The fact that \(\texttt{!}\) is a monoid morphism in these ways is known as De Morgan’s laws.

Stable sorts

Stable sorting functions are monoid morphisms from the monoid of comparators to the monoid of functions with function-composition. Let \(sort_c\) be the sorting function that sorts by comparator \(c\).

Let \(\varepsilon\) be the identity-comparator, that compares all elements as equal, and \(\diamond\) be comparator-composition. Then a stable sort satisfies

\[ sort_\varepsilon = id \\ sort_{c \thinspace \diamond \thinspace d} = sort_c \circ sort_d \]

this encodes the observation that for a stable sort we can fuse two sorts by different comparators \(c\) and \(d\) into a single sorting pass that compares first by \(c\) and then by \(d\).

The opposite monoid

A weird but interesting construction on monoids is the opposite monoid. It is constructed from a given monoid by taking

\[ x \otimes_{op} y = y \otimes x \]

so this monoid is the same except the order of arguments is the reverse of the target monoid. The identity element stays the same.

The function \(reverse\) is an example of a monoid morphism. It goes from the monoid of lists to the opposite monoid of lists — this means it will satisfy the monoid morphism laws

\begin{equation} reverse(\emptyList) = \emptyList\\ \begin{aligned} & reverse(xs \doubleplus ys)\\ = \enspace & reverse(ys) \doubleplus reverse(xs)\\ = \enspace & reverse(xs) \doubleplusop reverse(ys) \end{aligned} \end{equation}

It it helps, here’s an example with concrete values

\begin{aligned} reverse(\texttt{[1, 2, 3, 4, 5]}) & =\\ reverse(\texttt{[1, 2, 3] ++ [4, 5]}) & = \\ reverse(\texttt{[4, 5]}) \doubleplus reverse(\texttt{[1, 2, 3]}) & =\\ reverse(\texttt{[1, 2, 3]}) \doubleplusop reverse(\texttt{[4, 5]}) &= \\ \texttt{[5, 4] ++ [3, 2, 1]} \end{aligned}

Word reversals

A common interview-question consists of reversing the order of words in a string without using any extra memory, a so-called in place algorithm.

\[ reverseWords(\texttt{"one two three"}) = \texttt{"three two one"} \]

Since the function \(reverse\) is easily written as an in-place algorithm, it is possible to solve this problem by expressing a solution as some number of substring reversals on the input string.

We can construct such an expression by starting with the solution and working backwards until the character appears in their original order.
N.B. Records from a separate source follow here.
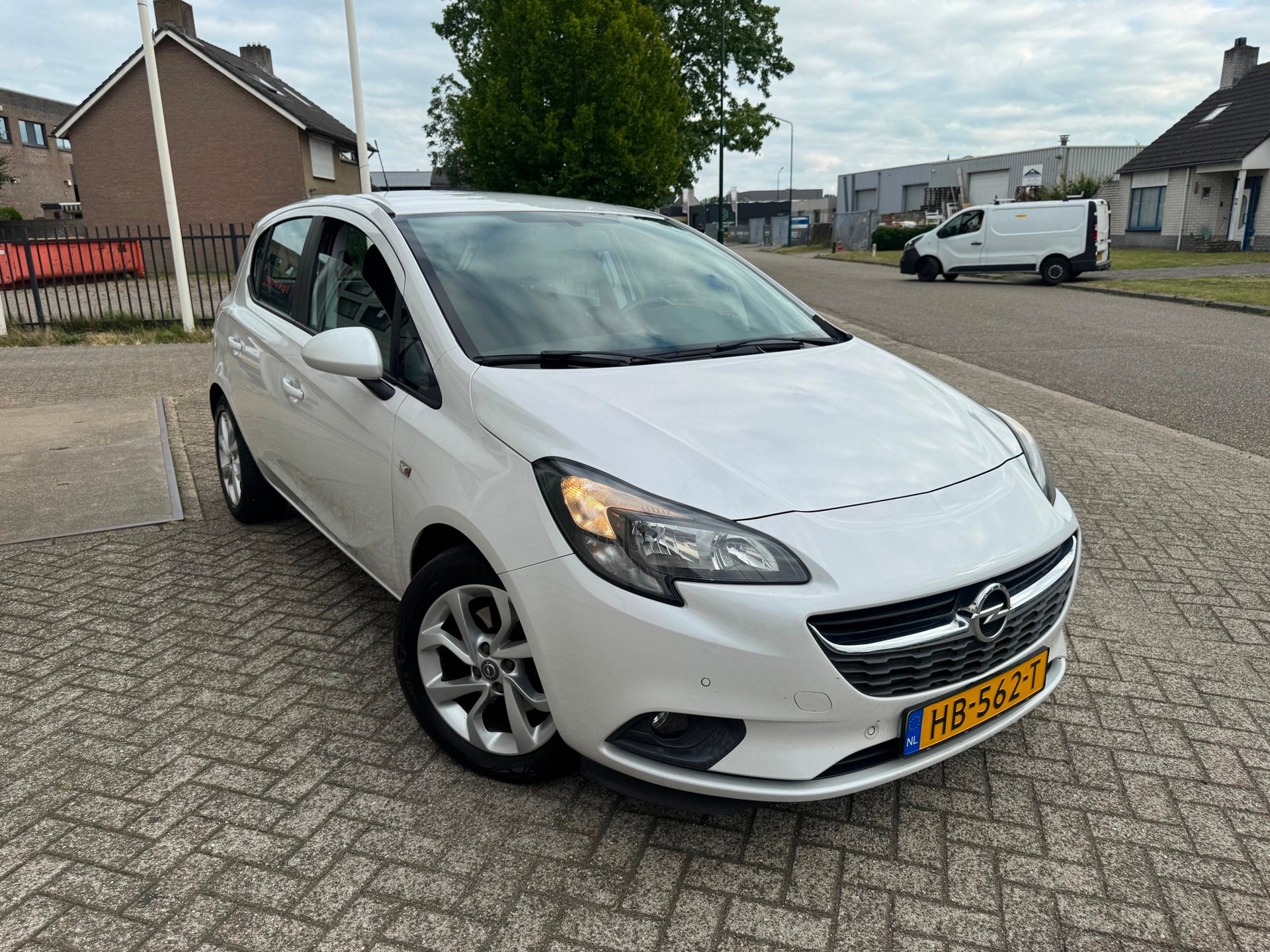Opel Corsa 1.0 Turbo Edition Pdc, Cruise,, Auto's, Opel, Voorwielaandrijving, Gebruikt, Euro 6, Origineel Nederlands
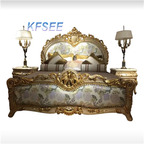 1700usd Kfsee Castle Bedroom Bed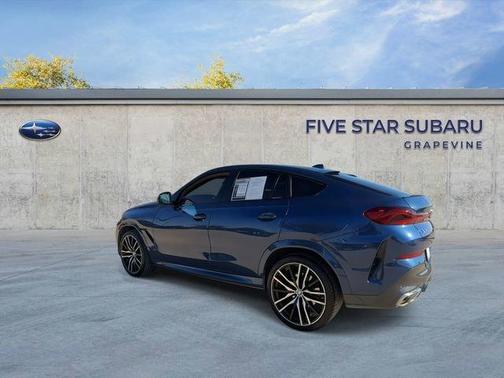 2023 BMW X6 xDrive40i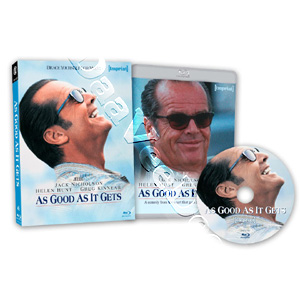 As Good as It Gets (Imprint) (Blu-Ray)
We’ll make use of the monoid morphism laws.

\begin{aligned} & reverseWords(\texttt{"one two three"})\\ = \enspace & \texttt{"three two one"}\\ = \enspace & reverse(reverse(\texttt{"three two one"}))\\ = \enspace & reverse(reverse(\texttt{"three" ++ " two " ++ " one"}))\\ = \enspace & reverse(reverse(\texttt{"three"}) \doubleplusop reverse(\texttt{" two "}) \doubleplusop reverse(\texttt{"one"}))\\ = \enspace & reverse(reverse(\texttt{"one"}) \doubleplus reverse(\texttt{" two "}) \doubleplus reverse(\texttt{"three"}))\\ \end{aligned}

So an in-place algorithm for word-reversal can be found by reversing each individual word in a string, then reversing the entire string.

String cycling

A related problem to the above is the problem of cycling strings.
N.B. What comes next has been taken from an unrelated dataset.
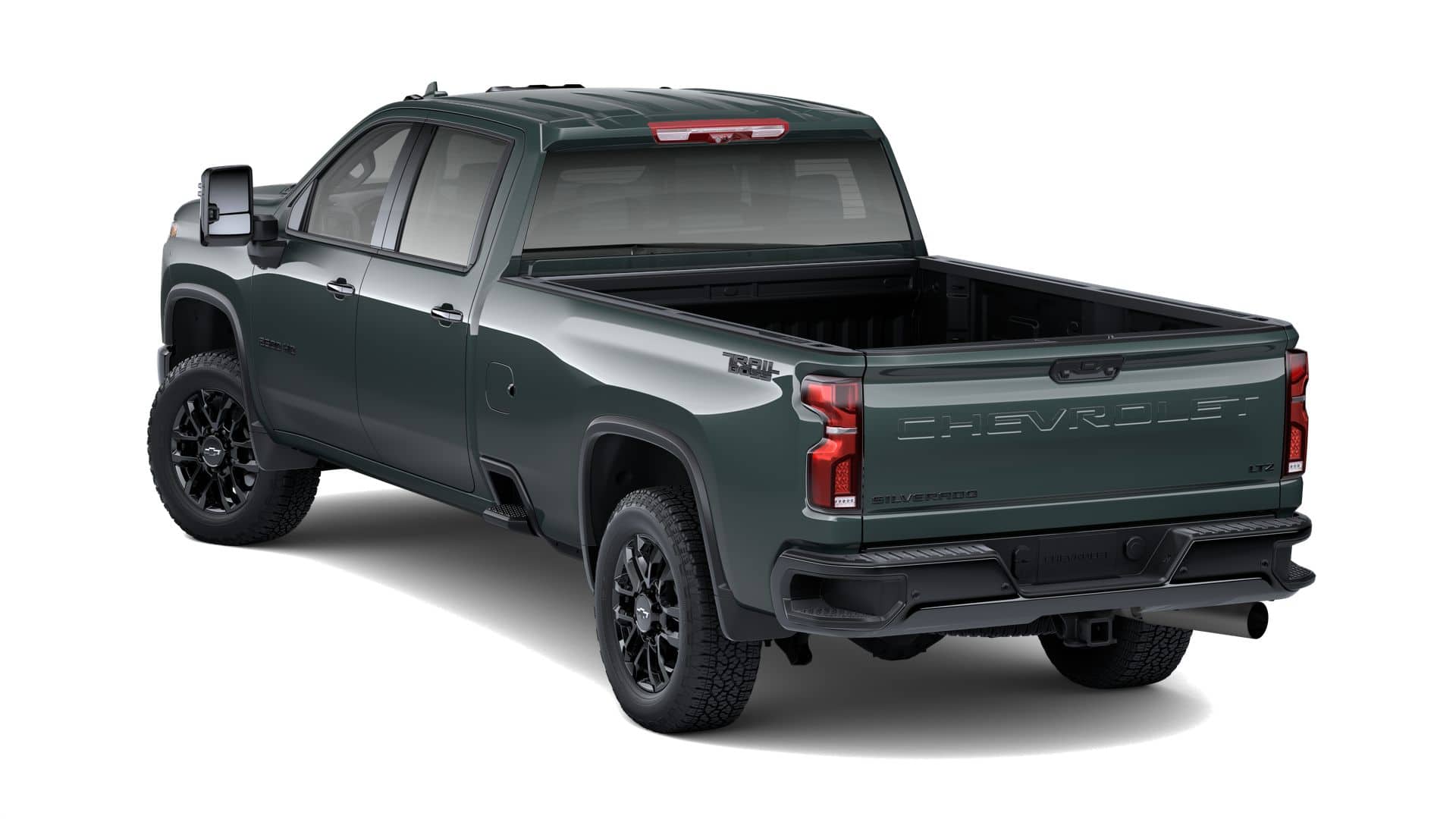 New 2026 Chevrolet Silverado 2500 HD LTZ Truck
\[ cycle_2(\texttt{"abcdef"}) = \texttt{"cdefab"} \]

that is, \(cycle_n\) will “rotate” \(n\) characters from the front of the string to the end.

This problem too can be made into a tricky interview question by asking to perform it in-place, but we can conquer such difficulties in a similar way to the above.

\begin{aligned} & cycle_3(\texttt{"abcdefgh"})\\ = \enspace & \texttt{"defghabc"}\\ = \enspace & reverse(reverse(\texttt{"defghabc"}))\\ = \enspace & reverse(reverse(\texttt{"defgh" ++ "abc"}))\\ = \enspace & reverse(reverse(\texttt{"defgh"}) \doubleplusop reverse(\texttt{"abc"}))\\ = \enspace & reverse(reverse(\texttt{"abc"}) \doubleplus reverse(\texttt{"defgh"}))\\ \end{aligned}

and so cycling a list in place by \(n\) places can be achieved by reversing the first \(n\) elements, then the rest of the list, and finally reversing the entire list again.